2. A ausência do PT nas ruas não foi só uma característica “apartidária” do movimento. Foi também ausência de militância naquela hora. O “apartidarismo” forneceu um álibi ao PT.

Por que o partido não está no vigoroso movimento das favelas cariocas?

3. Finalmente e de acordo com a estratégia do PT, tudo obedecia a lógica da reeleição. A perda de quase trinta pontos sugere que, se não houve vencedores, houve quem perdeu bem mais que outros.

Tudo isso numa conjuntura de curto prazo.

Concordo também que o melhor documento foi o de Stédile, longe dos demais.

O de Valter impressionou muita gente, mas reflete a principal base da AE, o movimento da esquerda socialista na classe média. Tem que ser considerado, mas consciente dessa limitação.

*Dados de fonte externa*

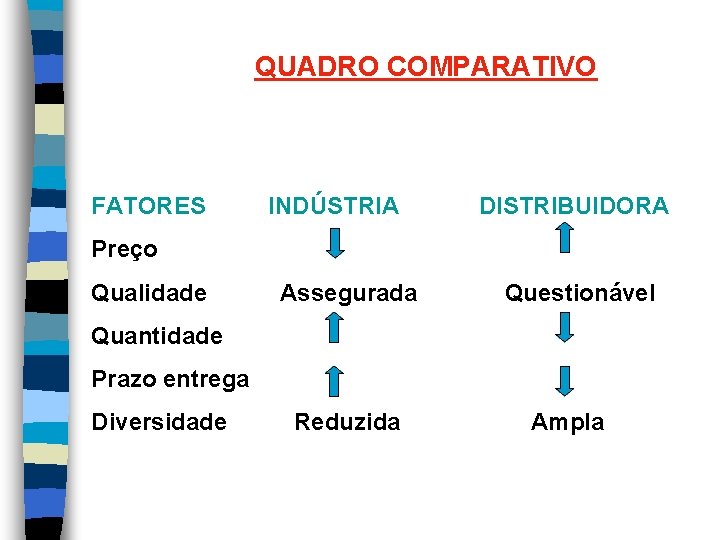 QUADRO COMPARATIVO FATORES INDÚSTRIA DISTRIBUIDORA Preço Qualidade Assegurada Questionável Quantidade Prazo entrega Diversidade Reduzida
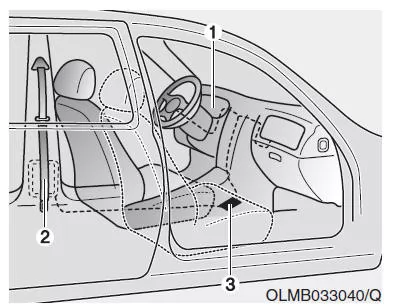 EFD-System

Fica um ponto para nossa discussão: Apoiamos o plebiscito?

Se sim, como? Com quais bandeiras?

Ontem a Intersindical soltou uma nota em apoio às manifestações do dia 11.

Grande abraço

Raul Estrada

02/07/2013

Companheiros,

Concordo com as observações do Augusto, enfatizando que não podemos considerar a ação das classes dominantes como unitária. Acrescento:

1. O processo ainda está em curso; o prosseguimento não ficou restrito as capitais, avançou por quase todas as cidades polos do país.

2. As manifestações ganharam força como instrumento de pressão as negociações que começaram a acontecer com as diversas prefeituras; o Governo de Goiás chegou a garantir o passe livre para estudantes na região metropolitana de Goiânia, Tarso Genro promete a implantação no RGS; em diversos municípios o movimento passa a exigir a transparecia das planilhas de transporte e interfere nas definições.

3. As Centrais Sindicais se mobilizam e tentam levar suas bases a manifestar-se – vamos aguardar o que efetivamente irão conseguir; os trabalhadores rurais também tentam mobilizar suas bases com uma plataforma própria.

4. O aparecimento das organizações neonazistas e anarquistas com atuações marcantes em várias manifestações.